» Records to process:
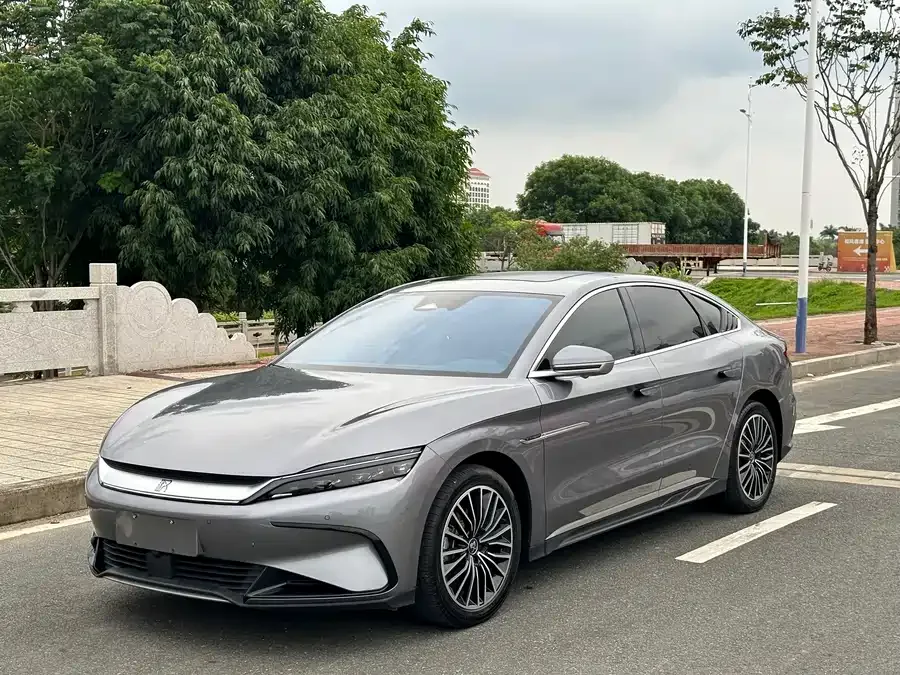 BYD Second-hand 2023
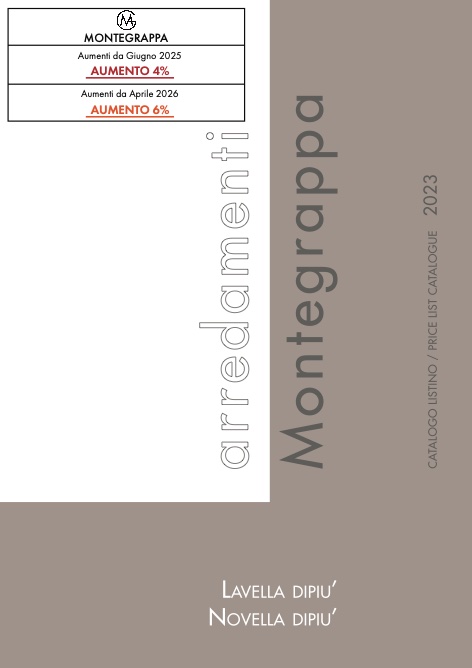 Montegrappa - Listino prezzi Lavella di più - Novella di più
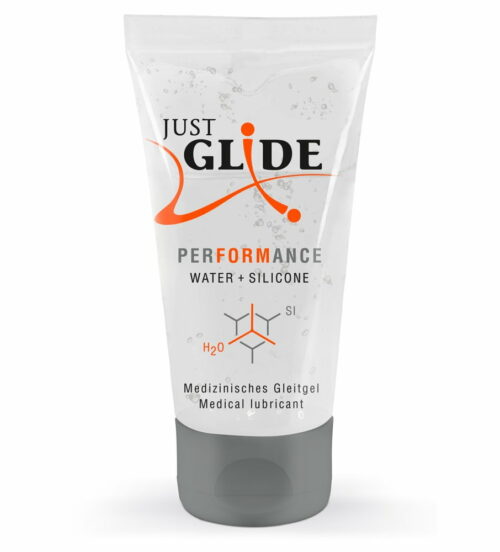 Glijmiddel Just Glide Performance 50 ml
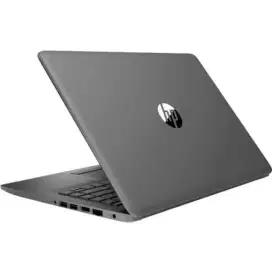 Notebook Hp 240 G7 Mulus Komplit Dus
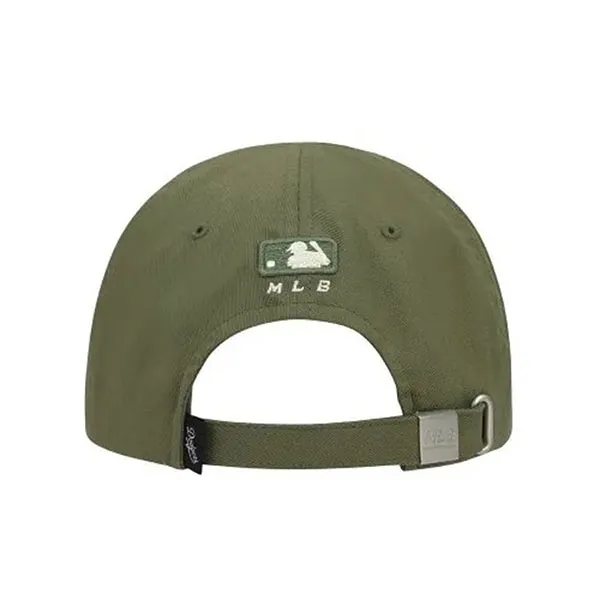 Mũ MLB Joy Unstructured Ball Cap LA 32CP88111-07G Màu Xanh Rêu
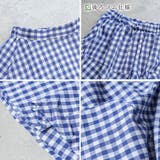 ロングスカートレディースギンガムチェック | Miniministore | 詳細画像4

...

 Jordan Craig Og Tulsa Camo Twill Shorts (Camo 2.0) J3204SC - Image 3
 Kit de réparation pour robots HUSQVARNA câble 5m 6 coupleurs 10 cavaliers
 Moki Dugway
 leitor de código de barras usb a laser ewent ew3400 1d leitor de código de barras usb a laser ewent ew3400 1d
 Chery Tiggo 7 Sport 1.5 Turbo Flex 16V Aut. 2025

* * *

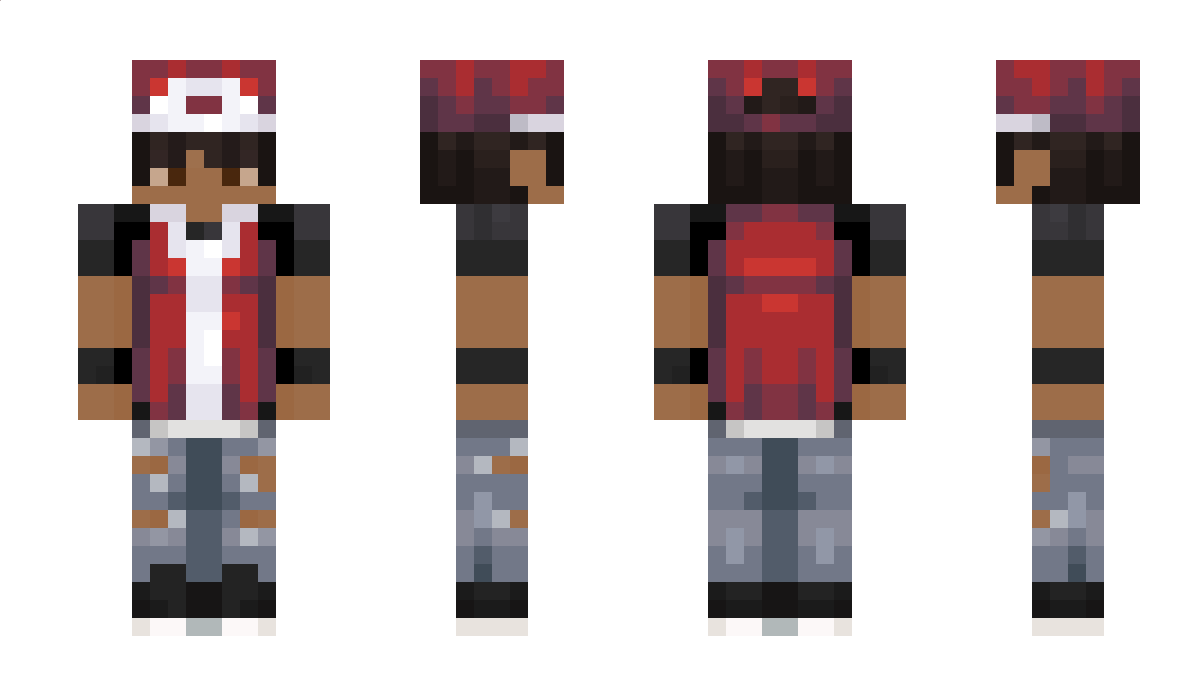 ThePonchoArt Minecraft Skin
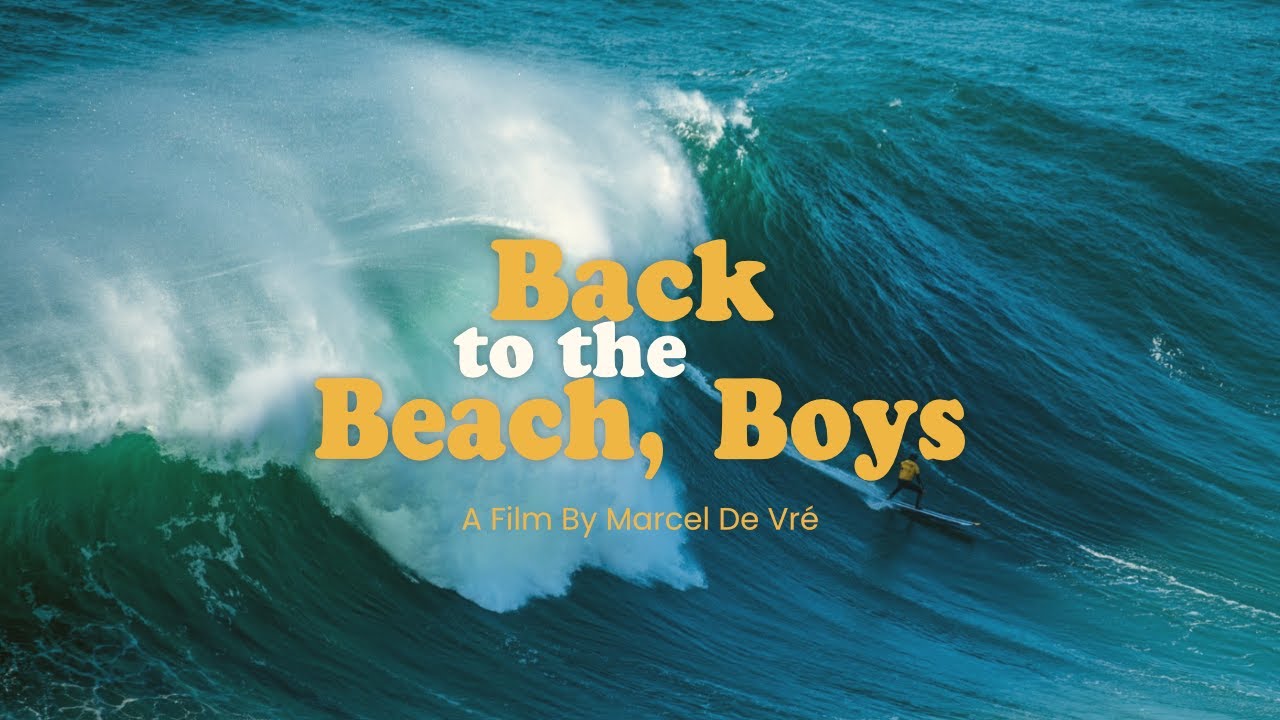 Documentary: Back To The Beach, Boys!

» Required action:
Leaving out the pictures, please output the lines in the entries above from the one with "ThePonchoArt Minecraft Skin" through the one with "Documentary: Back To The Beach, Boys!", exactly as they are.

» Answer section:
 ThePonchoArt Minecraft Skin
 Documentary: Back To The Beach, Boys!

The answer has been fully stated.